Although Hines testified at trial about a version of events that differed from his account at the scene of the accident, we cannot reweigh the evidence or determine the credibility of witnesses. Hall, 292 Kan. at 859. Clearly, the district court did not believe this new version of events to be credible.
Sufficiency of Evidence of Driving Under the Influence
Sanchez raises an identical legal challenge to her conviction for driving with a suspended license. She maintains that from the passenger seat, she was not "driving" the vehicle when she grabbed the wheel and crashed the car into the wall barrier. As before, we disagree.

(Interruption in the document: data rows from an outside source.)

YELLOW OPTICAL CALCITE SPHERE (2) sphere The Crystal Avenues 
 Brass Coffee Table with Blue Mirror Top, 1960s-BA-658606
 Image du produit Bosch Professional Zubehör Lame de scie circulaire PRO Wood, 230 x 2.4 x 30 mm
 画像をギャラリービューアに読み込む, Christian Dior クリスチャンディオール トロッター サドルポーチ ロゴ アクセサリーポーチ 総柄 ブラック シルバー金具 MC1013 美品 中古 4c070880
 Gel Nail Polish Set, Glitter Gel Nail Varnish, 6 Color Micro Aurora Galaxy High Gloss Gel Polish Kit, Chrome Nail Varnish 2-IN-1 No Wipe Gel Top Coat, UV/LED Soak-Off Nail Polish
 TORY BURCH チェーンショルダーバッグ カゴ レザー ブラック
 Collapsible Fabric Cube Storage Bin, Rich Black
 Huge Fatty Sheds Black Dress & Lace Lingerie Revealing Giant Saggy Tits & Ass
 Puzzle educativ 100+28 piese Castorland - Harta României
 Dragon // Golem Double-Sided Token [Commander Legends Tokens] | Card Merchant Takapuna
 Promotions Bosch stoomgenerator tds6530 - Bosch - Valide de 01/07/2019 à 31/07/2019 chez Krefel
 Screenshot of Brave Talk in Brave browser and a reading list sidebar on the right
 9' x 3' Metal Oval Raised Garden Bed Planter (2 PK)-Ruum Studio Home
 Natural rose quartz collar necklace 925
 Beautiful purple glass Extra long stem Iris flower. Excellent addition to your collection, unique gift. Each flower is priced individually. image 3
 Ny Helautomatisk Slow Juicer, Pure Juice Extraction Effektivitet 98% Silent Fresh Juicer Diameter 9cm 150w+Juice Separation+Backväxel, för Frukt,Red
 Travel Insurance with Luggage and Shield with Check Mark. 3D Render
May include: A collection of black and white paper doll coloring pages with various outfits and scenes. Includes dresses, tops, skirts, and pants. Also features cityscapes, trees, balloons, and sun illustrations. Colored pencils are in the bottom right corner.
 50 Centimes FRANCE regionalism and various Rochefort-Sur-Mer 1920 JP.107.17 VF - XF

Again, a statute's plain meaning controls when its language is unambiguous. Arnett, 290 Kan. at 47. It is unlawful for any person to drive while his or her license is suspended. K.S.A. 2008 Supp. 8-262(a)(1). And K.S.A. 2008 Supp. 8-234a(b) makes clear that the definition of "driver" set forth in K.S.A. 8-1416 is controlling-a driver is one "who drives or is in actual physical control of a vehicle." Because Sanchez was in actual physical control of the car when she directed it into the wall barrier, she was the "driver" of the vehicle; and she was driving it with a suspended license in violation of K.S.A. 2008 Supp. 8-262(a)(1).